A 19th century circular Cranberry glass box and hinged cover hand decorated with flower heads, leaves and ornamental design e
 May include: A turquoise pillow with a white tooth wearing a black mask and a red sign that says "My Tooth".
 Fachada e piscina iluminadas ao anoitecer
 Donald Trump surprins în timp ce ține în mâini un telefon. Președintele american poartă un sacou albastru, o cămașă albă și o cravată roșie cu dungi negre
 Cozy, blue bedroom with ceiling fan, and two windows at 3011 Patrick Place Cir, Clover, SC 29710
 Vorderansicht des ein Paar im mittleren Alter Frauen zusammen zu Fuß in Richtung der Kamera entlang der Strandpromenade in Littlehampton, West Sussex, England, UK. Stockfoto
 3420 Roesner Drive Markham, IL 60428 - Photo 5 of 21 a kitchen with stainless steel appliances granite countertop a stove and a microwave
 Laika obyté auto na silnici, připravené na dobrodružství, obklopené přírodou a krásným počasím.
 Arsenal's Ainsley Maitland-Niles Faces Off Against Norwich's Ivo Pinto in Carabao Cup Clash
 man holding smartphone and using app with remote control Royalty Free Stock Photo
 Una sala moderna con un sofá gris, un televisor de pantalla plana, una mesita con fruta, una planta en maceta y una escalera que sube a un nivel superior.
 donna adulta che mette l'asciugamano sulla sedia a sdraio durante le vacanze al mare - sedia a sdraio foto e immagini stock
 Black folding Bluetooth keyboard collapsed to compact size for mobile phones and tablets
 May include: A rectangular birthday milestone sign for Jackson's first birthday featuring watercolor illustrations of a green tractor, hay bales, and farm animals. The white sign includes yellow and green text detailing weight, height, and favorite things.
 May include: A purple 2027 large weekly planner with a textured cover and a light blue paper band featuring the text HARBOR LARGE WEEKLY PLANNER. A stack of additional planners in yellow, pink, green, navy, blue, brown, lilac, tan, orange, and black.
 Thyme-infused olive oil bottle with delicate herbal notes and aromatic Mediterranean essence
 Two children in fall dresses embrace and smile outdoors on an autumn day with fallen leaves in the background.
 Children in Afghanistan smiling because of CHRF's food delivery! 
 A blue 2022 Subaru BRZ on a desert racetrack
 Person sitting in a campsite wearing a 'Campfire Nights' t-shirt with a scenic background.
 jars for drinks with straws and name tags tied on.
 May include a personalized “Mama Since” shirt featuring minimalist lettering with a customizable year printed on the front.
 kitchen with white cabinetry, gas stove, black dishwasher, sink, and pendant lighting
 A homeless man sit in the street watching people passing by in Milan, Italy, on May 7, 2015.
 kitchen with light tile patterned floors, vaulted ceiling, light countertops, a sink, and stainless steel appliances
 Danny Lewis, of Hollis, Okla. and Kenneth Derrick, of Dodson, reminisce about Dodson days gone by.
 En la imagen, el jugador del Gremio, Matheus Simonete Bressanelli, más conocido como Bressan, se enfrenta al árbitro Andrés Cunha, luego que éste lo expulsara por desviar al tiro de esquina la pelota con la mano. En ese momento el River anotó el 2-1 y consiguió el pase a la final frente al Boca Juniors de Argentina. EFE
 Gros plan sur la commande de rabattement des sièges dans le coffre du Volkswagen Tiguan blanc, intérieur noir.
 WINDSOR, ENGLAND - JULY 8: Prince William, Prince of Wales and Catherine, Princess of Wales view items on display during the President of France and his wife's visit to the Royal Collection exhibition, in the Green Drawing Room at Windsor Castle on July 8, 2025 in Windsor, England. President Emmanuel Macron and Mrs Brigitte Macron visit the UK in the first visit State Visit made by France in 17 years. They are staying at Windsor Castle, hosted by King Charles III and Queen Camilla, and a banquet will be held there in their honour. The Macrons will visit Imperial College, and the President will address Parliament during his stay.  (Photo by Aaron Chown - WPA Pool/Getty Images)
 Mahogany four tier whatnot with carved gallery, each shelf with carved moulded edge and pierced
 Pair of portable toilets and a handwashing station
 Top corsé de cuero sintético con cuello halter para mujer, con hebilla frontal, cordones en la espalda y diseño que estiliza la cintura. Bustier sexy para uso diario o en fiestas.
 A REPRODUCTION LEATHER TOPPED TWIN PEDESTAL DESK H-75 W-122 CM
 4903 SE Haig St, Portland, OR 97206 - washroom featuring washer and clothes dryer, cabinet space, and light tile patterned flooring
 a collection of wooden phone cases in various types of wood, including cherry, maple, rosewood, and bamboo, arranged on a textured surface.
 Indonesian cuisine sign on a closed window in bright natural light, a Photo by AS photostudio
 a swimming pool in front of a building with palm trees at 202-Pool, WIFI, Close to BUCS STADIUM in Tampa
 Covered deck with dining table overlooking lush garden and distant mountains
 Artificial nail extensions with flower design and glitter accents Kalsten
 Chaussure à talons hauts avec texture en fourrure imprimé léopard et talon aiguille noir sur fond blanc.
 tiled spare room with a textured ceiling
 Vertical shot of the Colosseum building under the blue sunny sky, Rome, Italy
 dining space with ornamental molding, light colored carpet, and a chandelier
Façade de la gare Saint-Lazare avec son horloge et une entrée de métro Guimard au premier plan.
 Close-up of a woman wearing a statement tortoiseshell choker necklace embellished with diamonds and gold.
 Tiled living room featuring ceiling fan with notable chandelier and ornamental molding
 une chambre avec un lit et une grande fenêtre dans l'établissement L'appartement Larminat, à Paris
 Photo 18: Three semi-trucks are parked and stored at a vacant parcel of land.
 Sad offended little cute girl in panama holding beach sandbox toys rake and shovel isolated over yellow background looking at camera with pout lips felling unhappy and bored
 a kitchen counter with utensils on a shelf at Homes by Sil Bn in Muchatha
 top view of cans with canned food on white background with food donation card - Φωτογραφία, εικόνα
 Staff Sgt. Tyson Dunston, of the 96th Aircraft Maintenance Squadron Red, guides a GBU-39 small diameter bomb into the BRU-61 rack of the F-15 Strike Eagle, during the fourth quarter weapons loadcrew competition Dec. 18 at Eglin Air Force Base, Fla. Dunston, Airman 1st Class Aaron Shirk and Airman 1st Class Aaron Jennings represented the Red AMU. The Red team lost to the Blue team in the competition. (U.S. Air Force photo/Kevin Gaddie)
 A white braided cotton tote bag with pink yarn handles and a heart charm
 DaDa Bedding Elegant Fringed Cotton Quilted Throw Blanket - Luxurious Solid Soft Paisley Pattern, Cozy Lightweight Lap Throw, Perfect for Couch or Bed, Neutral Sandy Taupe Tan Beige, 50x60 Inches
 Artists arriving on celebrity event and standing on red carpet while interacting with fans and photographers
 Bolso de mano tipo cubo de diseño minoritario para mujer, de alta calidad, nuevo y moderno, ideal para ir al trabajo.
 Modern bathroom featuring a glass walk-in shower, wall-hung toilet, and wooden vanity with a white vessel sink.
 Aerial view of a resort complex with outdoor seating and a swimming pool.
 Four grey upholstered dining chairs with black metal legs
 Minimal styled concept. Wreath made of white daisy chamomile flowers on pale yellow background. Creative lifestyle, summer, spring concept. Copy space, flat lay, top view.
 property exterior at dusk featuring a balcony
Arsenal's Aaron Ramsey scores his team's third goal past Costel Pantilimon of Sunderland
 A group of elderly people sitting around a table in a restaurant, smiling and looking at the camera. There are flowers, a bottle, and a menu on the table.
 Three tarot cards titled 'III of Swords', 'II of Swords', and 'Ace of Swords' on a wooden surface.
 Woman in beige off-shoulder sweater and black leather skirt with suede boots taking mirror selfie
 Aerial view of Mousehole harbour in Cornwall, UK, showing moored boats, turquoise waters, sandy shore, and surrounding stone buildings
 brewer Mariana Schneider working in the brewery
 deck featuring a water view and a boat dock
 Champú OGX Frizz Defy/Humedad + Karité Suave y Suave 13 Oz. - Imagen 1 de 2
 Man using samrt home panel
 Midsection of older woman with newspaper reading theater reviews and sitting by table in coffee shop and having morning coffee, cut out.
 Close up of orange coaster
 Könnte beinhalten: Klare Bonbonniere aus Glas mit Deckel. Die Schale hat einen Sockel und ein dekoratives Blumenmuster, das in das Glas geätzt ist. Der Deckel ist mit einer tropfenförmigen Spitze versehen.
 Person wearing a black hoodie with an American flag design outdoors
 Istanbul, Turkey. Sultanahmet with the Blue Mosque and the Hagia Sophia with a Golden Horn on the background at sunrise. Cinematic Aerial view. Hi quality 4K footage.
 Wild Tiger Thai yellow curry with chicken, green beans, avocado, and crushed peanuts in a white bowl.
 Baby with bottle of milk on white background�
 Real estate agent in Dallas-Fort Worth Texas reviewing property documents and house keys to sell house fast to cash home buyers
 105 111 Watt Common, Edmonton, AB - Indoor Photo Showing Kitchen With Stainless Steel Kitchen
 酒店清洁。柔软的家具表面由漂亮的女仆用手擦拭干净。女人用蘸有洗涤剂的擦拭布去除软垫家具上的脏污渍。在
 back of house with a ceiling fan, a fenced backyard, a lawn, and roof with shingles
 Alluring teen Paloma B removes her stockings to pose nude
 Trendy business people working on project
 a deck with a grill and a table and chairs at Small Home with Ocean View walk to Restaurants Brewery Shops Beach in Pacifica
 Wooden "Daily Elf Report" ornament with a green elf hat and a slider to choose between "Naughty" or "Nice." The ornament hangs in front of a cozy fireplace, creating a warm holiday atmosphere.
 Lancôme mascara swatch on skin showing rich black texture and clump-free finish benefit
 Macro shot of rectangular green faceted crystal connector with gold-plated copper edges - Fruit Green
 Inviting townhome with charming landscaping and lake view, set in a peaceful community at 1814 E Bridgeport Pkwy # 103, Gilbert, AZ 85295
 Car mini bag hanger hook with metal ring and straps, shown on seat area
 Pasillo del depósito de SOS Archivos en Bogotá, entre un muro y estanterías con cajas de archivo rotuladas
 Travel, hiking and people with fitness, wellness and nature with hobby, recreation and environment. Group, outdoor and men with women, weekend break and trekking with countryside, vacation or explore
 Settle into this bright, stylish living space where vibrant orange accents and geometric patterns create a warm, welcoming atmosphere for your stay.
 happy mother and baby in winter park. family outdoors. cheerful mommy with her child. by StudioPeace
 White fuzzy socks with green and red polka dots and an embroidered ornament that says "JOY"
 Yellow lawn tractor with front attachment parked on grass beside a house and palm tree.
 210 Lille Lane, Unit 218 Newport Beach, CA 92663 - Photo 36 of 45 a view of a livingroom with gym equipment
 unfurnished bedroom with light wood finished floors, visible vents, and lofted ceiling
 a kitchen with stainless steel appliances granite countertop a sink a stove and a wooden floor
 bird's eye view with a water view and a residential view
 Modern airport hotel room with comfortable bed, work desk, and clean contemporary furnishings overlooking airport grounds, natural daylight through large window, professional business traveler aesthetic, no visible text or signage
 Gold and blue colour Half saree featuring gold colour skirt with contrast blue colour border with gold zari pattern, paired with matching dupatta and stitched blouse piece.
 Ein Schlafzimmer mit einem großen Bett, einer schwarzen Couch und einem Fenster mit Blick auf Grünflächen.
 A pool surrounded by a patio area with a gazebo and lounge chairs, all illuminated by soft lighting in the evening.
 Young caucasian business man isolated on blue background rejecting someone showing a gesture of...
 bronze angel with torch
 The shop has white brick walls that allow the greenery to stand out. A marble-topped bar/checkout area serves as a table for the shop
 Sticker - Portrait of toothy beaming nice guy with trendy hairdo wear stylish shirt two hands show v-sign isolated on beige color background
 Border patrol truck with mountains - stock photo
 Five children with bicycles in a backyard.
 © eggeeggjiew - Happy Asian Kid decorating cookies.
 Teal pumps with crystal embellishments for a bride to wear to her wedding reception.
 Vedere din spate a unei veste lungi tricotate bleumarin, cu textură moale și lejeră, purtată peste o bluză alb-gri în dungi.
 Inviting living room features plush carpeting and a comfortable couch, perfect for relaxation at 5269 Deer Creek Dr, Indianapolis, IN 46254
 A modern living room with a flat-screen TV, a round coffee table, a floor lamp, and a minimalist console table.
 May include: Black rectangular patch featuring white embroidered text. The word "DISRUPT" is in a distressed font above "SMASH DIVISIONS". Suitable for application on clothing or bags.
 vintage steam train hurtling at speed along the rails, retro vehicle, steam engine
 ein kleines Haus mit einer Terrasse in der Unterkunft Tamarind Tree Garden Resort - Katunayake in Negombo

→ Description of the task
Please return exactly the lines from the first line of the material through the one with "Black folding Bluetooth", and no lines after it.

→ Solution to this exercise
A 19th century circular Cranberry glass box and hinged cover hand decorated with flower heads, leaves and ornamental design e
 May include: A turquoise pillow with a white tooth wearing a black mask and a red sign that says "My Tooth".
 Fachada e piscina iluminadas ao anoitecer
 Donald Trump surprins în timp ce ține în mâini un telefon. Președintele american poartă un sacou albastru, o cămașă albă și o cravată roșie cu dungi negre
 Cozy, blue bedroom with ceiling fan, and two windows at 3011 Patrick Place Cir, Clover, SC 29710
 Vorderansicht des ein Paar im mittleren Alter Frauen zusammen zu Fuß in Richtung der Kamera entlang der Strandpromenade in Littlehampton, West Sussex, England, UK. Stockfoto
 3420 Roesner Drive Markham, IL 60428 - Photo 5 of 21 a kitchen with stainless steel appliances granite countertop a stove and a microwave
 Laika obyté auto na silnici, připravené na dobrodružství, obklopené přírodou a krásným počasím.
 Arsenal's Ainsley Maitland-Niles Faces Off Against Norwich's Ivo Pinto in Carabao Cup Clash
 man holding smartphone and using app with remote control Royalty Free Stock Photo
 Una sala moderna con un sofá gris, un televisor de pantalla plana, una mesita con fruta, una planta en maceta y una escalera que sube a un nivel superior.
 donna adulta che mette l'asciugamano sulla sedia a sdraio durante le vacanze al mare - sedia a sdraio foto e immagini stock
 Black folding Bluetooth keyboard collapsed to compact size for mobile phones and tablets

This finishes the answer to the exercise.